Background: Dipeptidyl peptidase-4 (DPP-4) inhibitors have pleotropic anti-inflammatory and immune regulatory effects in addition to glucoregulation. We evaluated inflammation and immune markers in suppressed human immunodeficiency virus (HIV) infection during treatment with the DPP-4 inhibitor sitagliptin.
Methods: Virologically suppressed adults with HIV without diabetes on stable antiretroviral therapy (ART) with ≥100/μL CD4 cells were randomized to 16 weeks of sitagliptin 100 mg/day vs placebo in a multicenter trial. The primary endpoint was the change in plasma soluble CD14 (sCD14) from baseline to week 15-16.

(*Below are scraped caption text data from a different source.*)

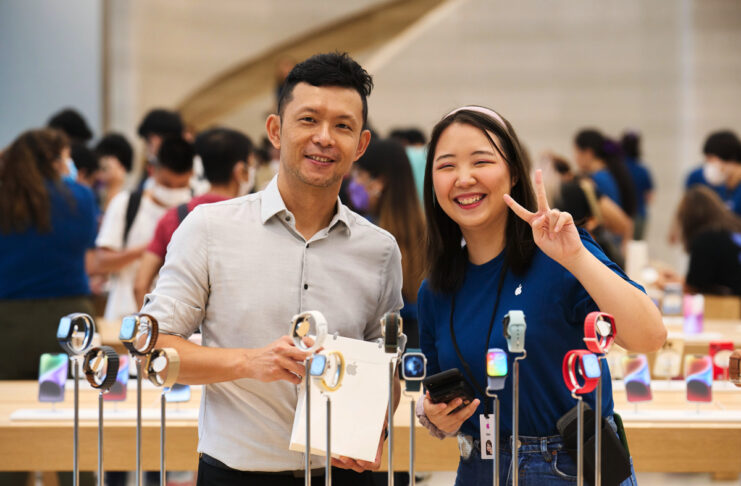 Apple celebra il lancio di iPhone 14, Apple Watch SE e Watch 8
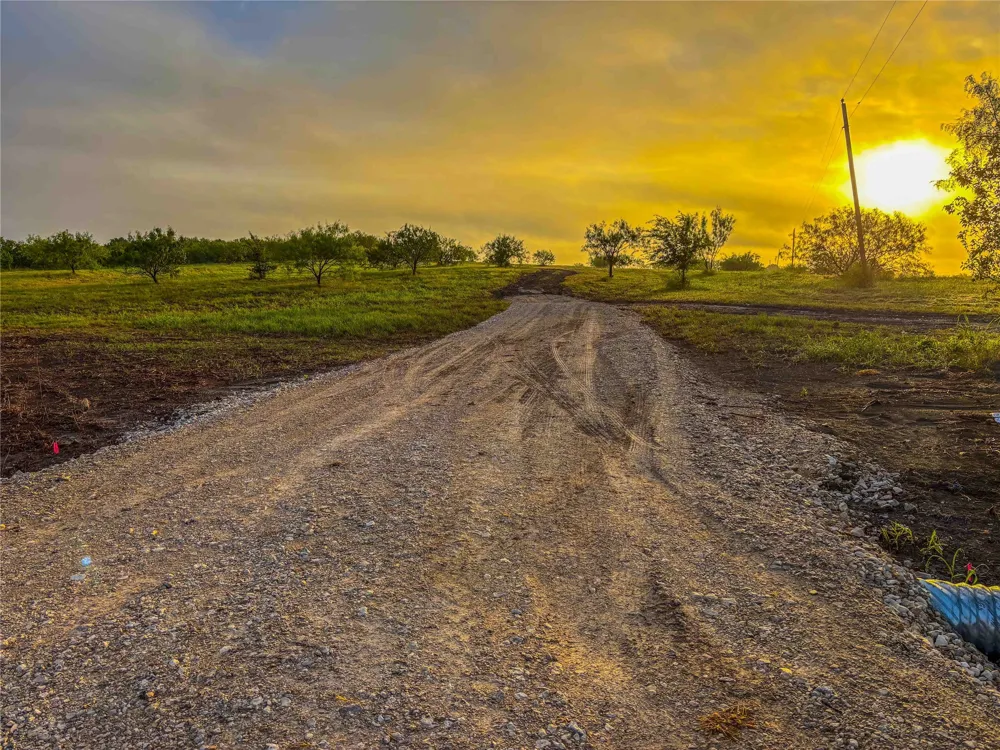 524 County Road 453 Troy, TX 76579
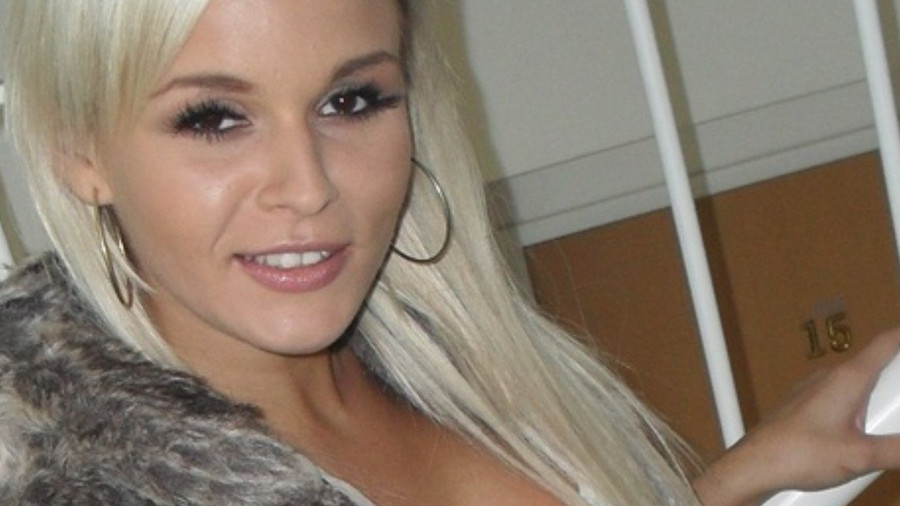 Veronika25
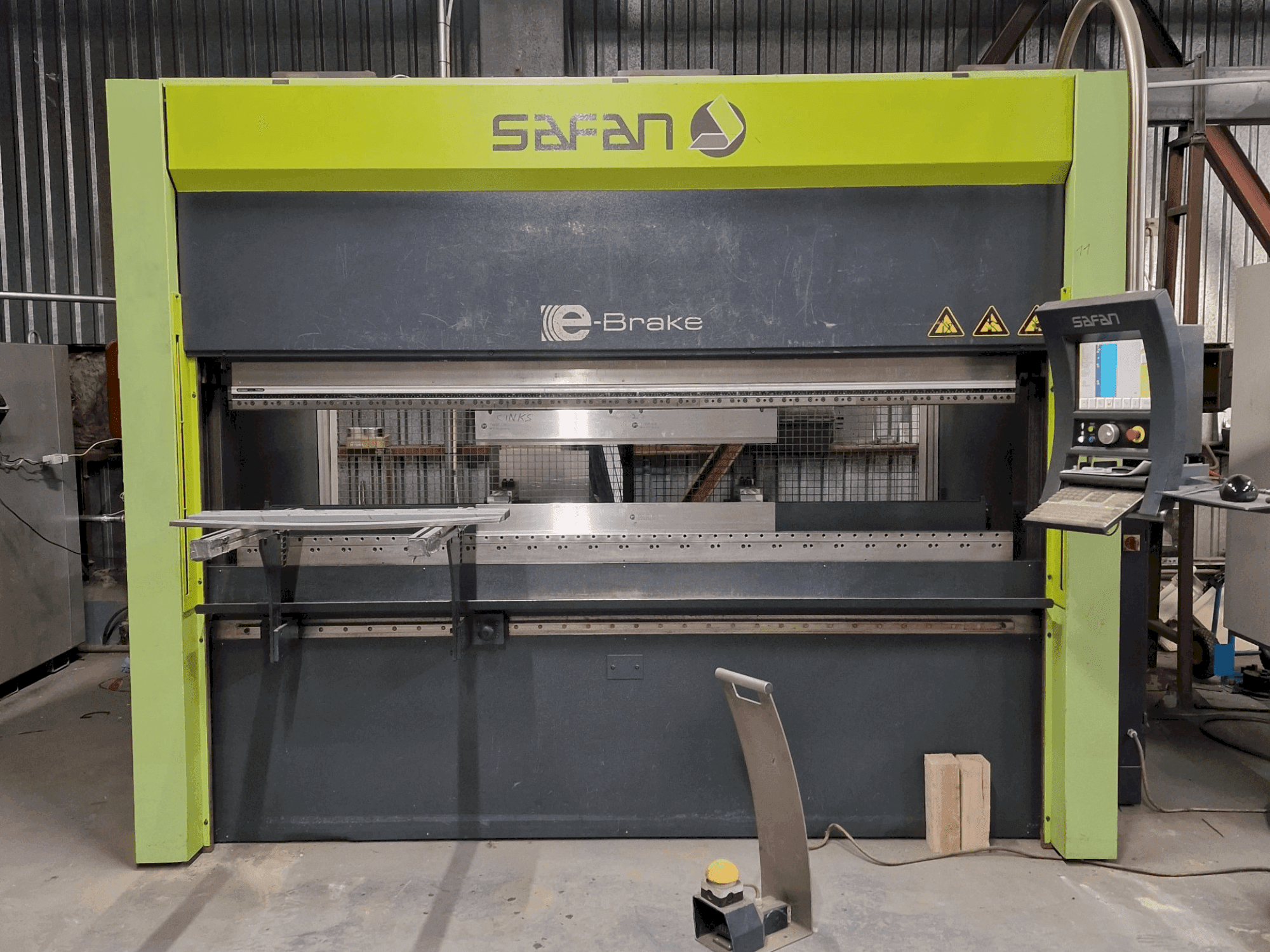 Front view of Safan E-Brake 80-2550-Ts3 Cnc  machine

Results: Ninety participants were randomized, and 42 from each arm were included in per-protocol analyses. Participants were 45% non-Hispanic white, 38% non-Hispanic black, and 15% Hispanic, with a median age of 51 years; 83% were male; and the median CD4 count was 602 cells/μL. At week 15-16, there was no difference in sCD14 change between the 2 arms (P = .69). Relative to placebo, the sitagliptin arm had 47% greater decline in CXCL10 (95% confidence interval, -57% to -35%) at week 15 (P < .001). There were no significant between-arm differences in other soluble biomarkers, total CD4 and CD8 counts, or markers of lymphocyte or monocyte activation. Sitagliptin was well tolerated.
Conclusions: Sixteen weeks of sitagliptin had no effect on sCD14 levels in virologically suppressed participants with HIV. CXCL10, a chemokine involved in atherogenesis that predicts non-AIDS events during ART, declined markedly with sitagliptin. This suggests that DPP-4 inhibition has the potential to reduce cardiovascular morbidity in treated HIV infection.
Clinical trials registration: NCT01426438.
Keywords: CXCL10; HIV; dipeptidyl peptidase-4 inhibitor; inflammation; soluble CD14.